--- TASK DESCRIPTION ---
Count how many lines in the entries below hold "Music". Only the number belongs in the answer.

Stored records

________

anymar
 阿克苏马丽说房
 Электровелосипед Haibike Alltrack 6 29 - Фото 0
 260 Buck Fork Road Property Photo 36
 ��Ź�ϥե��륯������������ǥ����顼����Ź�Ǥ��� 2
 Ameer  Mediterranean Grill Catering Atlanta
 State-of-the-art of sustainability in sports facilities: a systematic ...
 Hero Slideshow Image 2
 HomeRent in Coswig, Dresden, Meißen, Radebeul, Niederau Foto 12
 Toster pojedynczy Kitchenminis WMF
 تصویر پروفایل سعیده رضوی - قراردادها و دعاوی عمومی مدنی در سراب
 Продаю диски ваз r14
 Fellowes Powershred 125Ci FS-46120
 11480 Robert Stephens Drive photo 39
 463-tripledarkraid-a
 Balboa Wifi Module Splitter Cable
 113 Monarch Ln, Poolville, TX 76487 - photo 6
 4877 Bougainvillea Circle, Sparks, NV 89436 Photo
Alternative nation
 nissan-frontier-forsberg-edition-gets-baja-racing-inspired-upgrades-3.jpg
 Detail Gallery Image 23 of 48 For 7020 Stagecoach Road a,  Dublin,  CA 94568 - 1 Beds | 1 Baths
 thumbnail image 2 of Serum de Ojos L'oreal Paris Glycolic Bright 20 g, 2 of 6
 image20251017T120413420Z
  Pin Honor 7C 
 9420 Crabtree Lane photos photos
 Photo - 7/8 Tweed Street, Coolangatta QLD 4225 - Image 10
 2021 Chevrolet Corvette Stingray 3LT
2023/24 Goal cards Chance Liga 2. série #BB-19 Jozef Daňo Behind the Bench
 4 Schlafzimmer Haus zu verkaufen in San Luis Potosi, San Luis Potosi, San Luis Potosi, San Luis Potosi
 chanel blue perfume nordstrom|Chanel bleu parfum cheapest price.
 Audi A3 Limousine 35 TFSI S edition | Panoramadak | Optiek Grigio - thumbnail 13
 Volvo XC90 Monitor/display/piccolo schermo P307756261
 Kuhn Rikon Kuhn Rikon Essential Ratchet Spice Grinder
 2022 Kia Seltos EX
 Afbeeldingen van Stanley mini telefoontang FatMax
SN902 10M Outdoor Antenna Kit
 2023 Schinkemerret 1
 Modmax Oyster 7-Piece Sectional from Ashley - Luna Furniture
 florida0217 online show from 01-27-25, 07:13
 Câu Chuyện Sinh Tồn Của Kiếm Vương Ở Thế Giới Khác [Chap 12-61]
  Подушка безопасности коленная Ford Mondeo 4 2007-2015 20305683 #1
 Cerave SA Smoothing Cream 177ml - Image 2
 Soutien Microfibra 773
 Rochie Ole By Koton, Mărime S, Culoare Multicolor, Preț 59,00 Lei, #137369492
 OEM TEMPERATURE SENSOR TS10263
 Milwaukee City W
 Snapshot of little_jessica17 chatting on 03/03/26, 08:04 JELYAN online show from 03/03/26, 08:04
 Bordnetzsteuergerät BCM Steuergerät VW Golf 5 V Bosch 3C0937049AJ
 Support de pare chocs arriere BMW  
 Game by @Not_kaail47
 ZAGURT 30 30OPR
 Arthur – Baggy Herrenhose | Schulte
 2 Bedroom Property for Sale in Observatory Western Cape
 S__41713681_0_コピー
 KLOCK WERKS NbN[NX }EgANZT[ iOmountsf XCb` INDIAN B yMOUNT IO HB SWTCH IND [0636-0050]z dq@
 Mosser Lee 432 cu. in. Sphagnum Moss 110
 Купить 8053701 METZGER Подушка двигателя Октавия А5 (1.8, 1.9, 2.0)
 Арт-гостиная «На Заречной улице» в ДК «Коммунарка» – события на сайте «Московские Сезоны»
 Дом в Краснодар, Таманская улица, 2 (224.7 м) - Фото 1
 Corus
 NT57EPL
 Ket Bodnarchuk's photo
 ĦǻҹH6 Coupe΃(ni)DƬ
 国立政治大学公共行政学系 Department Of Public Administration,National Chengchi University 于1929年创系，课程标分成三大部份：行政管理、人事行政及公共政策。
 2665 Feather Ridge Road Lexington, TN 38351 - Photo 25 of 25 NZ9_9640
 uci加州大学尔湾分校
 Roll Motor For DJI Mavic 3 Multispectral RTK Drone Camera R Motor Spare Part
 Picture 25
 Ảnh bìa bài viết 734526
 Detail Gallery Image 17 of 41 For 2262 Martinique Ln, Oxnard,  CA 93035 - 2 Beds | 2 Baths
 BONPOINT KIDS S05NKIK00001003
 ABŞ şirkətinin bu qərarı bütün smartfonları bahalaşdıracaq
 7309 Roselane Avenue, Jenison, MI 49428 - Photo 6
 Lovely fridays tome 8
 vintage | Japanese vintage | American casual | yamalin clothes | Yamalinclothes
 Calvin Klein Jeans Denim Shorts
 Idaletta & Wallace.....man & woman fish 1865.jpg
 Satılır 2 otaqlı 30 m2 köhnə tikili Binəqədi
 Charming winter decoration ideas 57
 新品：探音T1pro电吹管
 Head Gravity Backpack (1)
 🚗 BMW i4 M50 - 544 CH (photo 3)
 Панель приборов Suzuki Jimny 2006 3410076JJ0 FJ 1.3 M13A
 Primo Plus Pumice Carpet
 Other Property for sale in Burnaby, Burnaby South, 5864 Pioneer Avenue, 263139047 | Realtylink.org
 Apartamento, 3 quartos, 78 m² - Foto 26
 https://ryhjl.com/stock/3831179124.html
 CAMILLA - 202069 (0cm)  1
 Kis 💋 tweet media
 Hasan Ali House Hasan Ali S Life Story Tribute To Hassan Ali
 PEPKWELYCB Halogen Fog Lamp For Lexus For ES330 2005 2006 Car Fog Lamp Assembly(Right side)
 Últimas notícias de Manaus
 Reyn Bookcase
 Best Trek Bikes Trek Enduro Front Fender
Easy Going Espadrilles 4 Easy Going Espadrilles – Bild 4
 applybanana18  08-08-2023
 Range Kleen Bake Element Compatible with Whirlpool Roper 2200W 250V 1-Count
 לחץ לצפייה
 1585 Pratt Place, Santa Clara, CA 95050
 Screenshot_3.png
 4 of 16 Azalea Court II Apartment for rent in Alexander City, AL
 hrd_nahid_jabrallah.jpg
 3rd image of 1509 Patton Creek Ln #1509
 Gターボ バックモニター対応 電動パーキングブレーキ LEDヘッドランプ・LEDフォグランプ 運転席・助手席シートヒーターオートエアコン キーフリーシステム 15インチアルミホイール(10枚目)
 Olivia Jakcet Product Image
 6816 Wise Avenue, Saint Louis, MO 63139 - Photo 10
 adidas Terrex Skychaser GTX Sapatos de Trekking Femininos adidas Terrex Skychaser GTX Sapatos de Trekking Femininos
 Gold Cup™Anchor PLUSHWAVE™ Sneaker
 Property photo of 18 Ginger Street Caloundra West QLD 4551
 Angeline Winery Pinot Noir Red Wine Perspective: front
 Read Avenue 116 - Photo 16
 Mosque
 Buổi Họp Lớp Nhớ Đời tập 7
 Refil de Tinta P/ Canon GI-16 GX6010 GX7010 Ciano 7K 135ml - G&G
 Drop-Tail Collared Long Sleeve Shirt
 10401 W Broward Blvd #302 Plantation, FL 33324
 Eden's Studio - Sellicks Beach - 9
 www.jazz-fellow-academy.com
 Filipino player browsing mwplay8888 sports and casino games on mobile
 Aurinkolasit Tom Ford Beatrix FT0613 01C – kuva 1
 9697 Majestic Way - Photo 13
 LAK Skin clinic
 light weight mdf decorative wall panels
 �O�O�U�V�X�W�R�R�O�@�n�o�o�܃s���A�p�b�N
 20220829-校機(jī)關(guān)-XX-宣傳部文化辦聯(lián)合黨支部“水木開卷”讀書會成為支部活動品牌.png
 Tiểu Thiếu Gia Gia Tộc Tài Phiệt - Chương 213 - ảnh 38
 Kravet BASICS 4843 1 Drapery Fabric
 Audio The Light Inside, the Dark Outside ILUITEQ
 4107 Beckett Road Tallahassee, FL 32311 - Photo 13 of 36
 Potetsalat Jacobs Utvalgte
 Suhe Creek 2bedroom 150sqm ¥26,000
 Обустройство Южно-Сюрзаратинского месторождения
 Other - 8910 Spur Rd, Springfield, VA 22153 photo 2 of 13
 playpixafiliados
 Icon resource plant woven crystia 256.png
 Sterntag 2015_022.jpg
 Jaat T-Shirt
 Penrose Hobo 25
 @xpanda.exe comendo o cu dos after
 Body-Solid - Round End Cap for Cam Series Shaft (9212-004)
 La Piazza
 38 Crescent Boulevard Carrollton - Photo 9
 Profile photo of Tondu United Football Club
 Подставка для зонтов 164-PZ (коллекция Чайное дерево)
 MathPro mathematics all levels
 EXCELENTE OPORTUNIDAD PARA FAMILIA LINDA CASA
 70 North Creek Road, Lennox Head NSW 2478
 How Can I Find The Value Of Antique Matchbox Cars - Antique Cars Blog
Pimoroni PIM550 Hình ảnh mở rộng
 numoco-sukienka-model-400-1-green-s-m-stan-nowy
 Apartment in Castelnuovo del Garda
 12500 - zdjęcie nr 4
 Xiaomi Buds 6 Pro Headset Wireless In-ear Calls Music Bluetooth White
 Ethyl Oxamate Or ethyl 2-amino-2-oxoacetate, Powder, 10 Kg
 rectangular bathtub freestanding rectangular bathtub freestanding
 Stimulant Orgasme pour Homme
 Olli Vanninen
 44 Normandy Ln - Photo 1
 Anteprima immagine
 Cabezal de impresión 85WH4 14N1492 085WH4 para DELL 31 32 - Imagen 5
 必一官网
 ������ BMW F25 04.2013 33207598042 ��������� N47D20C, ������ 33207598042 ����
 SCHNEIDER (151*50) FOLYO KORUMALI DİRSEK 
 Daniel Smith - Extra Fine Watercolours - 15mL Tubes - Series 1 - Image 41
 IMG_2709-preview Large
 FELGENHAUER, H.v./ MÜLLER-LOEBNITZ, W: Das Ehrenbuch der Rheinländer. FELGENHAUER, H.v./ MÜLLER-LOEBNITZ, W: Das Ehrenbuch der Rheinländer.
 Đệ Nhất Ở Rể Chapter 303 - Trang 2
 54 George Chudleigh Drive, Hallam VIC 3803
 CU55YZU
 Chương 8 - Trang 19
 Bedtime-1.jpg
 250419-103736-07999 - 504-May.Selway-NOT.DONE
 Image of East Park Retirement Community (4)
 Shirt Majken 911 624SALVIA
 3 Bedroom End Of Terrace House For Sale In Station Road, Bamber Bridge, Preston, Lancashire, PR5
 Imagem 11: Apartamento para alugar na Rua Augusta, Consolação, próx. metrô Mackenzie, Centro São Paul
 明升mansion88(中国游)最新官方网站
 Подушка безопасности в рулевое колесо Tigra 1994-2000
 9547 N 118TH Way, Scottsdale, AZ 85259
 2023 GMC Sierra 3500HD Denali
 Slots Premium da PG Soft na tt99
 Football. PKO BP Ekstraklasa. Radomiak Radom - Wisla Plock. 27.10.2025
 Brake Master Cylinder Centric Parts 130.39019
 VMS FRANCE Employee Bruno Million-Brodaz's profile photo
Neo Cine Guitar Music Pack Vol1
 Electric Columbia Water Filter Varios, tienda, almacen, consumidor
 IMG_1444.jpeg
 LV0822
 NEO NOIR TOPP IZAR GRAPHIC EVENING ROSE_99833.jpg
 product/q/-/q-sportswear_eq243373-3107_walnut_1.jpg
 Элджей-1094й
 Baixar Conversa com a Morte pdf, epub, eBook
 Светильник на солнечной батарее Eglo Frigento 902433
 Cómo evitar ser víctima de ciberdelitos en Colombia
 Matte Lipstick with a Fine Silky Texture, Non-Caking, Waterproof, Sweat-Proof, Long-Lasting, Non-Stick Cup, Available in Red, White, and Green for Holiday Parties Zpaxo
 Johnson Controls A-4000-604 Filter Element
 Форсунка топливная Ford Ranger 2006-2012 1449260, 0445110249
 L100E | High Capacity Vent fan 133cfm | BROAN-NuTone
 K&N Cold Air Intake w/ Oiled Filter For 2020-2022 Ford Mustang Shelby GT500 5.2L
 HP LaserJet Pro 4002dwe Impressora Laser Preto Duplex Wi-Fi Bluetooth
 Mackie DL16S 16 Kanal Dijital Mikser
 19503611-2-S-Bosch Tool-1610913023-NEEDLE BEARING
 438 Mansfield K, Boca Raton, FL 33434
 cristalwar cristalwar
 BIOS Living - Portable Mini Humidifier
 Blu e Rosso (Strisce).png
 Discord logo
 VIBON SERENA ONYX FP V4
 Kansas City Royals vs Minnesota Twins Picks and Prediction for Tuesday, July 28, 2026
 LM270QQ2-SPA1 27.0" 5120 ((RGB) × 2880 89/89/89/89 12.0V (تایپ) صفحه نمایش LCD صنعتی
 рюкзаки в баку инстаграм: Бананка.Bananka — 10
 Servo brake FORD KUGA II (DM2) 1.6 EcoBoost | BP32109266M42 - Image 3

________

--- EXPECTED ANSWER ---
2